The concluding section of the chapter will explore how a Fearless Christian University might navigate the varied issues of a pluralistic, post-Christian society and remain true to its mission without getting sucked into a Culture War stance. But before I get there, I have to provide a picture of our current motif.
I’m beginning with the story of Bob Jones University’s fight with the Internal Revenue Service over racial segregation. Randall Ballmer told the story in a Politico nearly a decade ago. He elaborates the history in his 2021 book Bad Faith: Race and the Rise of the Religious Right.

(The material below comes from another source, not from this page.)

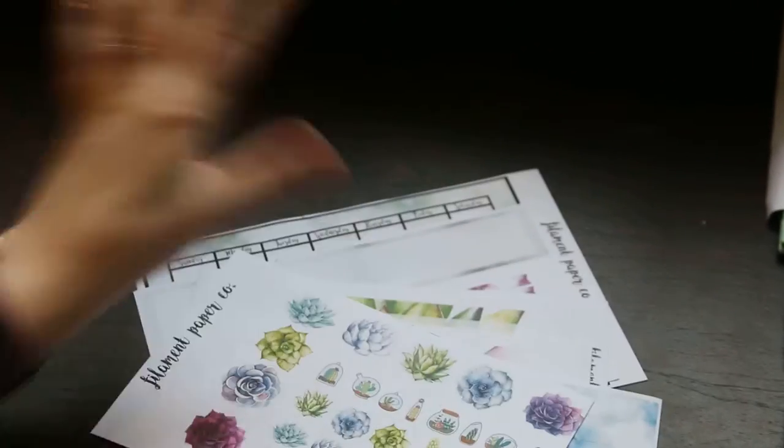We have this little bottom box, another box to use, and then one more box — these are really pretty, they have the succulents in the background. We have the washi strips and the deco. This is what the large monthly looks like in a planner.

This story begins in the aftermath of Brown v. Board of Education and the 1964 Civil Rights Act. In 1970, Richard Nixon’s IRS issued a ruling that educational institutions that practiced racial segregation would not be eligible for a non-profit tax exemption. A group of African American leaders had sued the IRS in Green v. Connally to require this change, which took effect early that year. In November 1970, the IRS informed Bob Jones University that their practice of barring Black students from enrolling put them in violation and their exemption would be revoked. BJU first tried accepting a handful of students (initially one and then married students eventually allowing Black enrollees but barring interracial dating1). Bob Jones sued the IRS (through the treasury secretary) in 1971. It went to the appeals court in 1973 which supported the IRS. The Supreme Court in 1974 returned the matter to the lower court2. In 1976, the IRS notified BJU that that it was again out of compliance.3 This was eventually adjudicated in Bob Jones University v. United States in 1983. The decision held that religious educational institutions that discriminated could not be considered tax exempt in IRS terms.
It’s historically interesting that this decade-long fight between BJU, the IRS, and the Supreme Court occurred initialy in the Nixon4 and Ford administrations and the final Supreme Court ruling came during Reagan’s administration. The popular history of these cases usually covers how the Carter administration came after religious groups, a useful fiction.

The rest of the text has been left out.